私の場合は海の近くが最もいい。ジャミルは木気、すなわち植物の”気”のある場所、
例えば森などが最適だ(ここで気づいた人もいるだろうけれど、植物は生物である。
つまり生物もまた自然のものであり、それ自身”気”を発しているのだ。それは動物も
同じで、動物の”気”は肉気と呼ばれる。ちょっといやな名前だけど…。ちなみに、
動物は肉気に、植物は木気に感応することは何故かない。そのようにできているらしい)。

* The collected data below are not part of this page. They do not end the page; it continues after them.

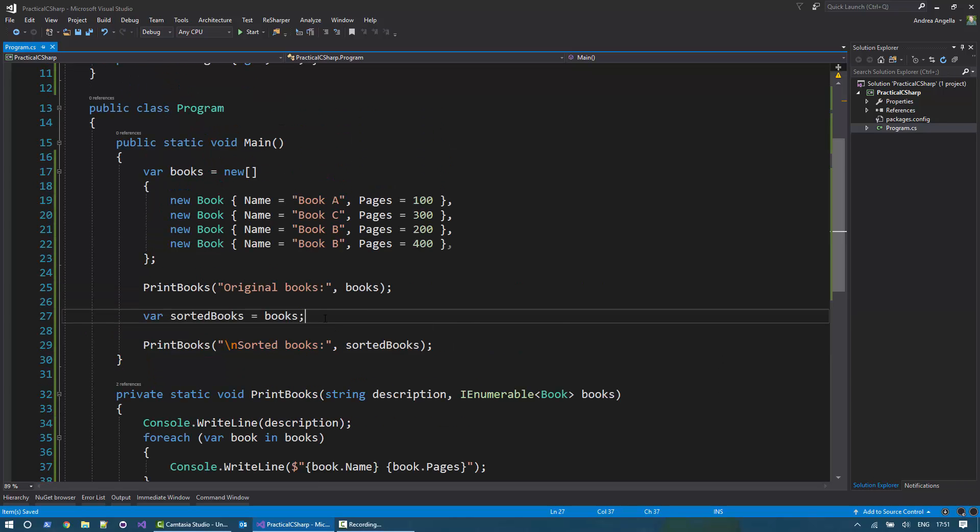So what I want to do is I want to take this list of books and sort first by name in alphabetical order. And if a book has the same name, I sort by the number of pages in descending order. Let's see how we can do that using LINQ.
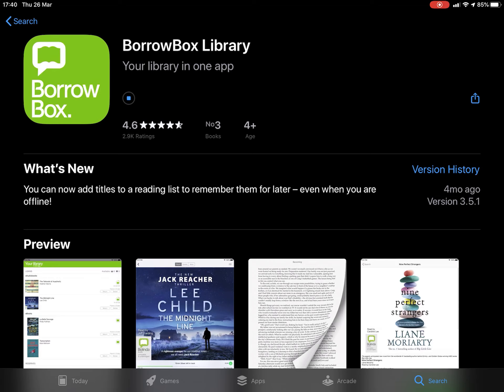Press the Get button. You may well need to enter your iPad iCloud details here if this is your first time installing an app. This is installing in real time, so you can see how long it takes.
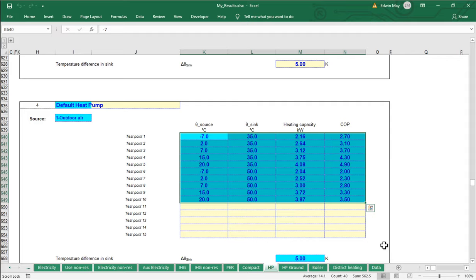Where does all this information come from? If you're familiar with passive house methods, you know that to generate all this information, we're going to use the PHI heat pump worksheet.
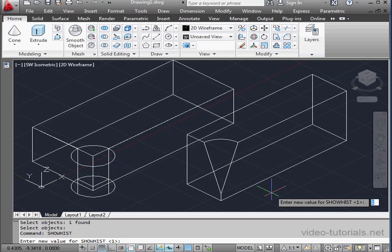If you choose 2, you'll show the history for all solids, and you override the individual Show History property for all solids.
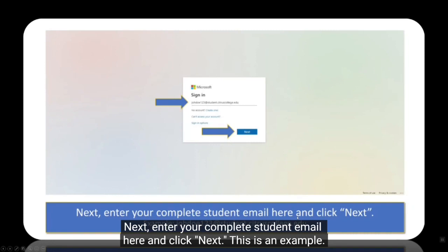Next, enter your complete student email here and click next. This is an example.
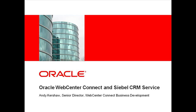I'm Andy Kershaw. Today we're going to look at how Oracle WebCenter Connect can integrate with applications. Specifically, we're going to look at how Connect conversations can integrate with Oracle Siebel CRM and together provide exceptional levels of customer service.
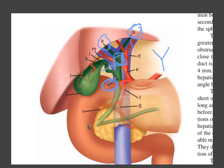D is the portal vein, the most important blood supply to the liver, coming from the intestine. E is the hepatic artery, which has branches — the right and left hepatic arteries. F is the gastroduodenal artery, which branches from the hepatic artery and supplies blood to the stomach and duodenum.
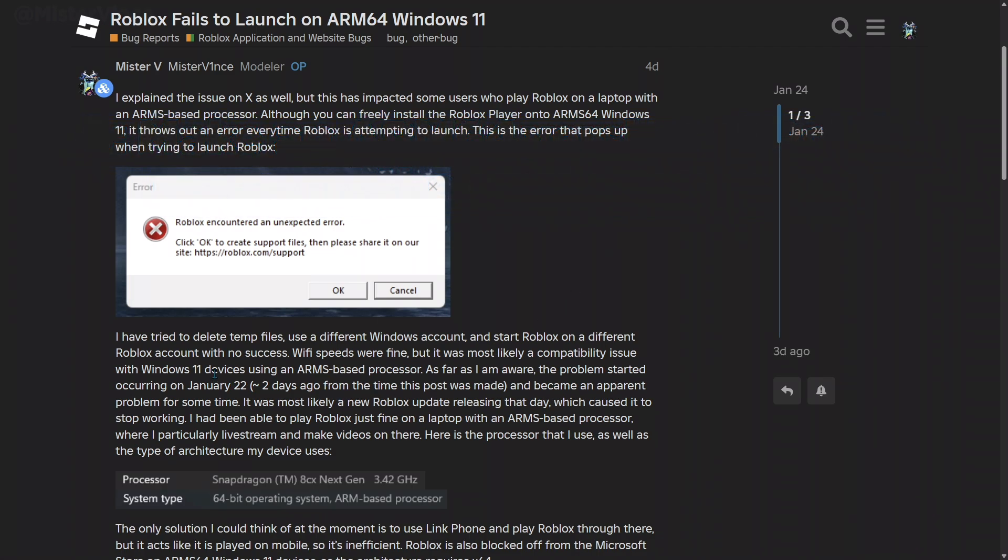I have went ahead and deleted temp files, used a different Windows account, started Roblox on a different Roblox account, and tested Wi-Fi speeds, and they were perfectly fine. But it was most likely a compatibility issue with Windows 11 slash 10 devices using an ARM-based processor.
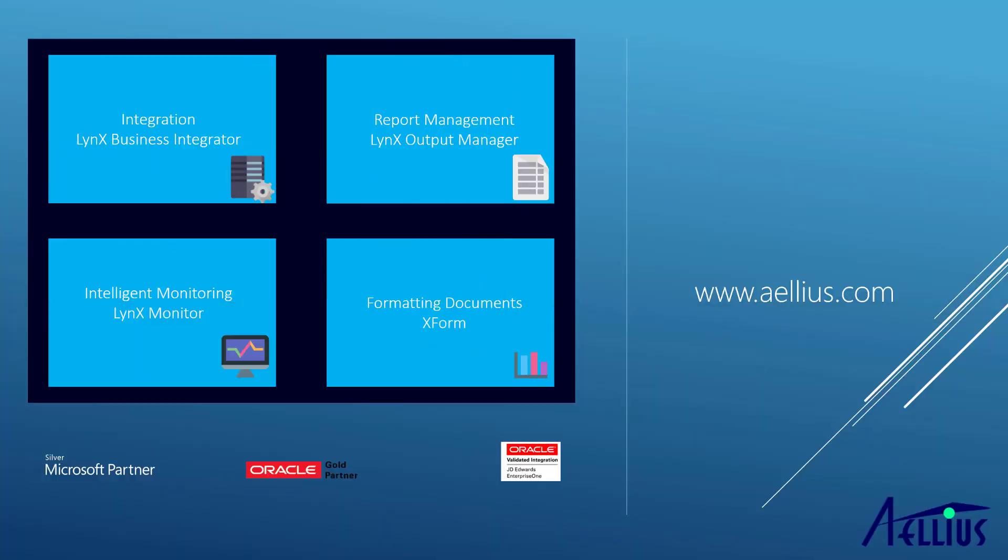For more information on Aelius Lynx and Lynx File Exchanger, please visit our website at aelius.com, that's A-E-L-L-I-U-S dot com.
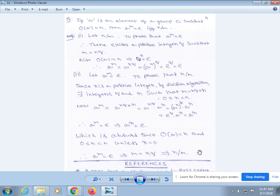We know that a^(nq + r) = a^(nq) · a^r by the exponential law. That equals (a^n)^q · a^r. But we know that a^n = e, so this equals e^q · a^r = e · a^r = a^r.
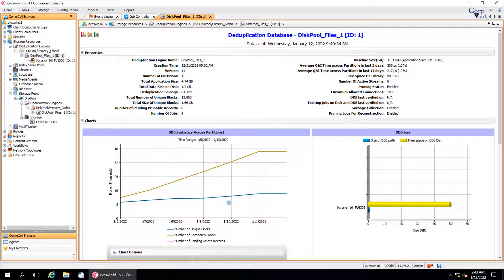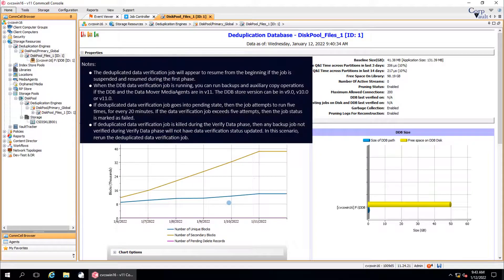A deduplicated data verification job is displayed in the Job Controller window. If you do not see it in Job Controller, then you can view the job history at CommCell level or DDB level, and the data verification status for the backup jobs from the storage policy level. If the DV job fails or completes with errors, then the jobs containing invalid data blocks are marked with the failed status. These invalid unique data blocks will not be referenced by subsequent jobs. As a result, new baseline data for the invalid unique data blocks is written to the storage media.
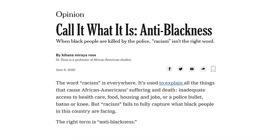Now we'll read the article. Sarah volunteers to read. 'Opinion: Call It What It Is — Anti-Blackness. When black people are killed by the police, racism isn't the right word.' By Kihana Miraya Ross, a professor of African-American studies, written June 4th, 2020. 'The word racism is everywhere. It is used to explain all things that cause African-American suffering and death — inadequate access to health care, food, housing, and jobs, or a police bullet, baton, or knee. But racism fails to fully capture what black people in this country are facing. The right term is anti-blackness.'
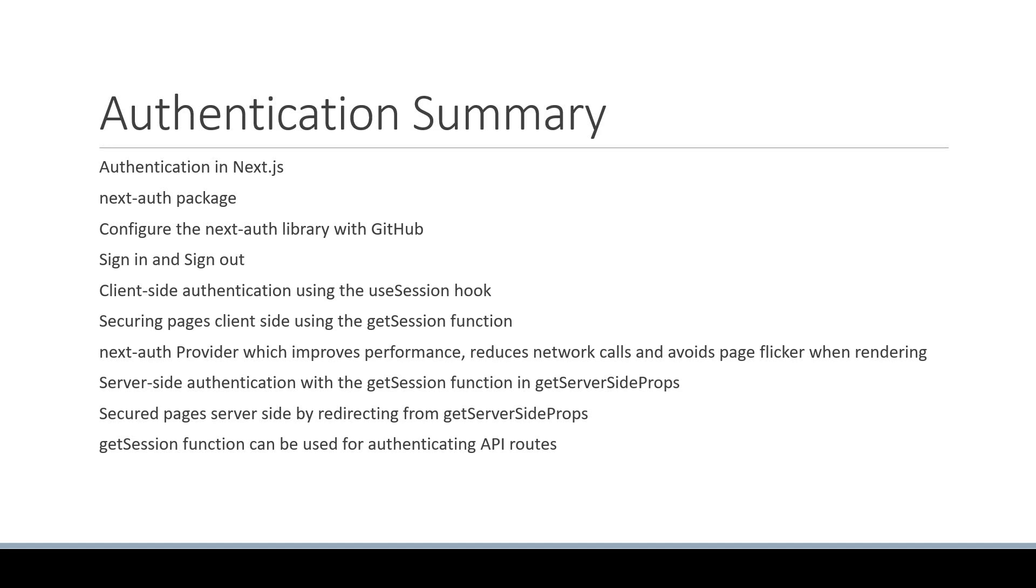Towards the end, we learned how to connect to a database like MongoDB to persist user data.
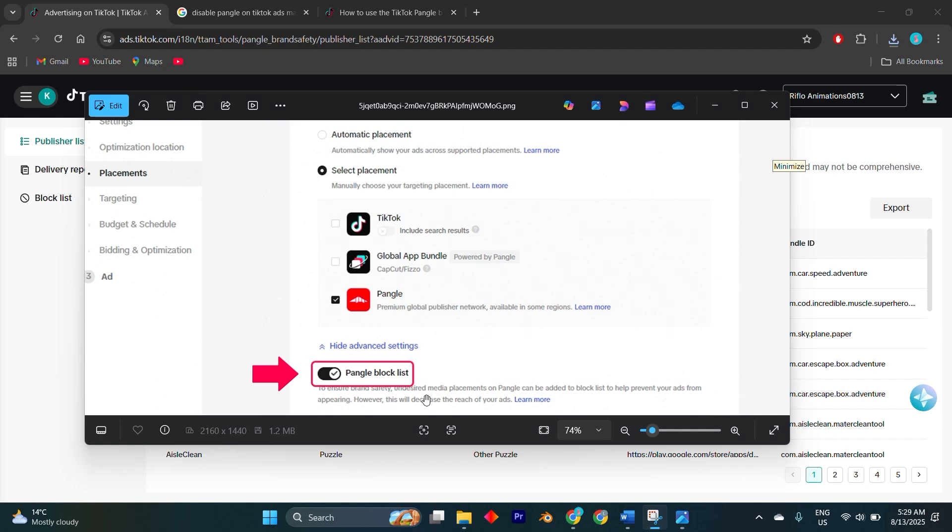Keep in mind that if you're running certain campaign objectives, TikTok may still enforce Pangle use, in which case the only workaround is to duplicate your campaign using a placement-compatible objective.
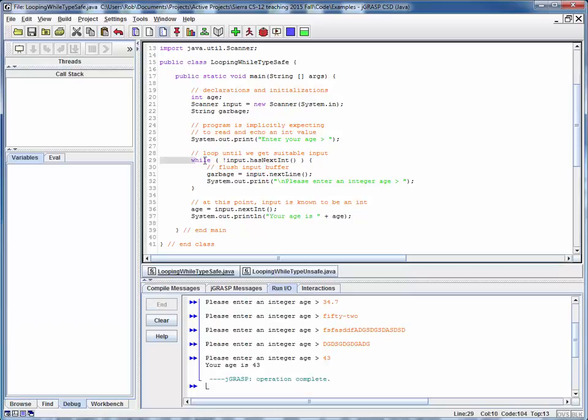So, by adding this simple while loop in between our prompt and the read of the data, we can ensure that we do type safe input checking. And this is a nice application and utilization of the while loop.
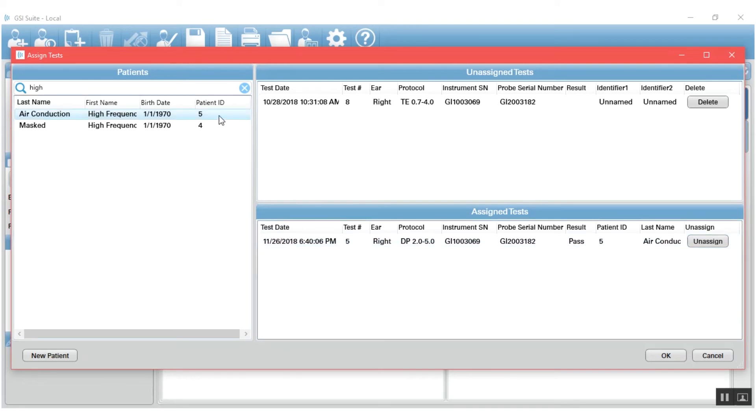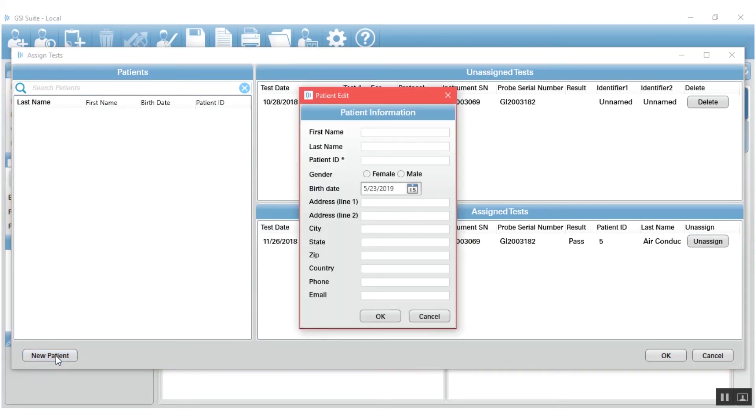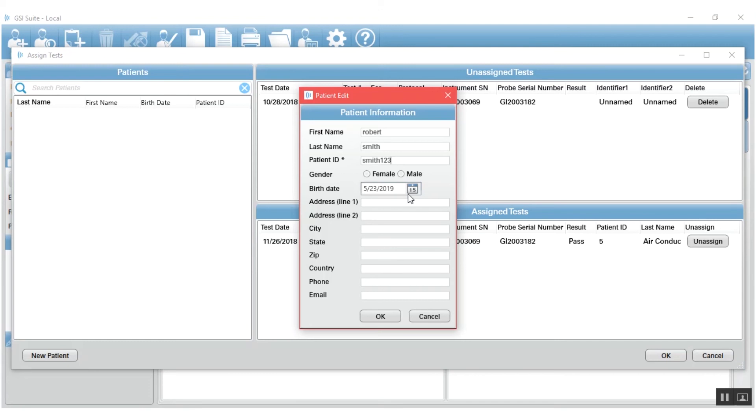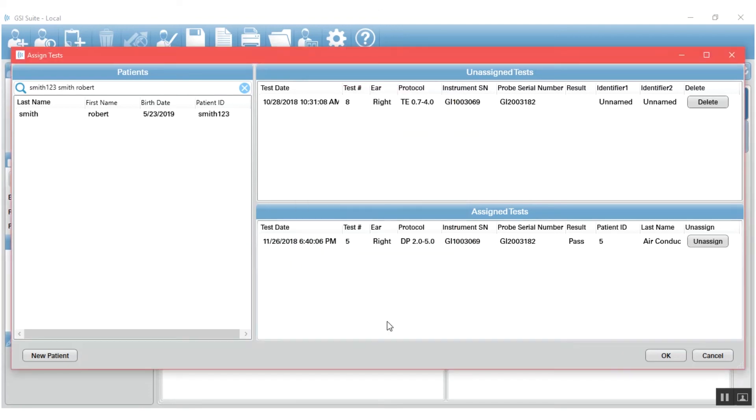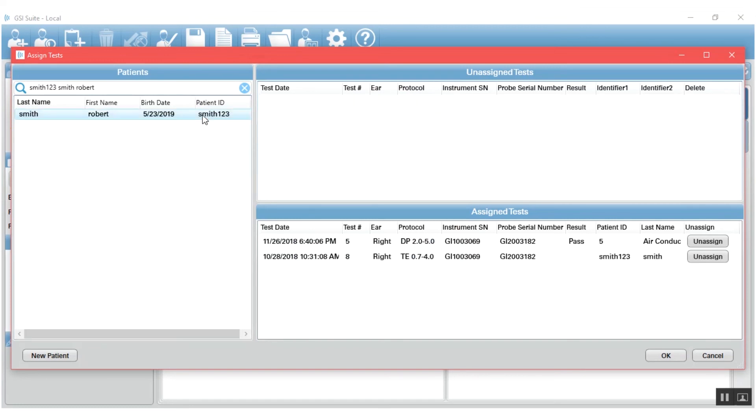The next thing I'm going to show you is if you don't have that patient in the database, you can go to new patient and you can type in a new patient with a patient ID, of course, hit OK, and then that patient will appear in the patient window and you can drag and drop the information there.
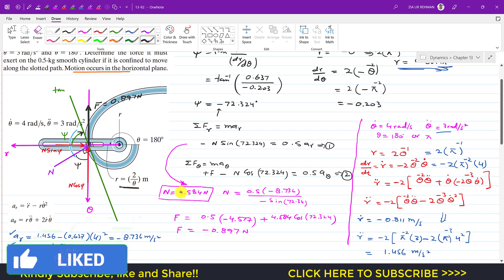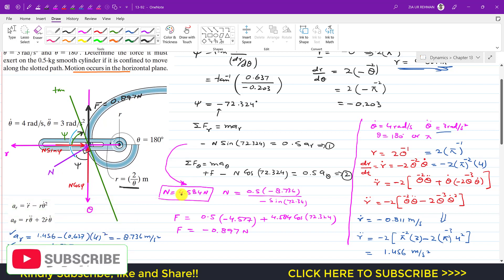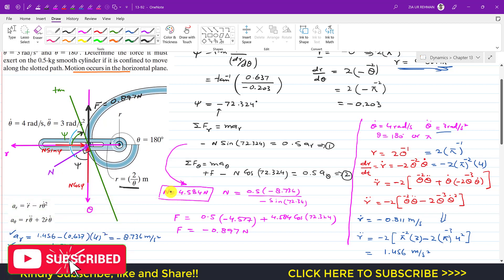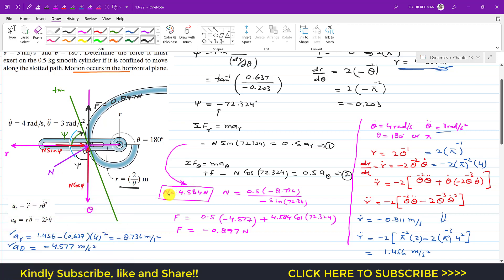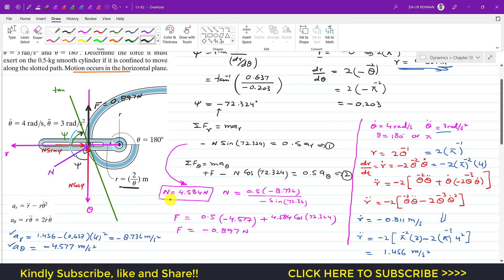This is the required solution of this particular problem. I hope this will help you in your learning. Kindly subscribe my channel if it helps, and like this video if you want me to solve more problems from Hibbeler Dynamics.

エリーは…火気だ。火気というのはちょっと難しい。火は人間の文明のいたるところに
存在するので、都市部などでは力を発揮するだろう。しかしそんなところを戦場には
したくない。
 「はあ、そうでしたね。思い出しました。」
 さも理解しましたと言わんばかりに大げさにうんうんとうなずきながら、ジャミルは
気の抜けた声を上げる。本当にわかってるの?
 「わかってますって。で、結局それでどういうことになるんですか?」
 ま、わかったならいいけど。それについてはこれから説明するから、ちゃんと聞いて
おきなさいよ。あんたって娘は、いまいち信用できないからね。
 「む〜、先輩ひどい〜!!」 
 やかましい。誰のせいでこうなったと思ってんの。そろそろ落ち着きというものを
持ってもらいたいものね、この愚かな後輩には。
 「今の私は、水気との感応で感覚が研ぎ澄まされているから、これだけ遠く離れていても
魔力を感知してエリーとあのピエロの位置を特定できるわ。地形も、一度見たからほぼ
記憶してるし。」
 普通の人間ならちょっといつもより音が聞こえやすいとか体調がいいとか、そんな
程度のことで終わるのだが、聖女騎士団の隊長、副隊長クラスになれば、この程度のことは
できて当たり前だ。例えば、1が2倍になっても1増えるだけだが、100が2倍に
なれば100増えるように、元の魔力が大きければ感応時の魔力増大は大変なものに
なるわけだ。ことに水気と感応する性質の魔力を持つものにとってこの巨大な水気の
かたまりである海は、ただその近くにいるだけで信じられないほどの力を与えてくれる。
地形を記憶してるというのは、私の場合、一目見ただけで大体のものは記憶できるのだ。
特にそういうことを自慢したいとも思わないが、少なくとも目の前の鳥頭とは頭の出来が
ちがうということだけはどうしても強調せずにはおれない。 
 「それで?」
 わたしは感知した情報と先ほど見た記憶を頼りに、大体の地形図を地面に描く。
 「エリーがいるのは…ここ、この崖っぷちね。そこにあいつもいるわ。おそらく拘束されて
いるはずよ。彼女の手足の魔力の流れが鈍くなってるからね…。だから、まずはその状況を
何とかしないことにはどうにもならないわ」
 ここまで言って、納得したようにジャミルはぽんと手を叩く。そのリアクション、わかり
やすいけど、ちょっと古くないかしら?
 「よーするに、あたしが囮になってる隙に、セシリア先輩がエリーゼ先輩を助け出すと」
 「そういうこと。まあ、今の実力差なら、本気で来られたら瞬殺でしょうけど、さっきの
様子じゃ簡単に殺すんじゃなくて、じわじわいたぶって楽しもうってタイプみたいだし」
 もしあれが本気だったら、エリーは即死していただろう。ひどい傷だったが魔力は確かに
感じるので、生きているのは間違いない。
 「あの〜、質も〜ん」
 相も変わらず気の入ってない声を出しおってからに。あんたといると緊張感がなくなるわ。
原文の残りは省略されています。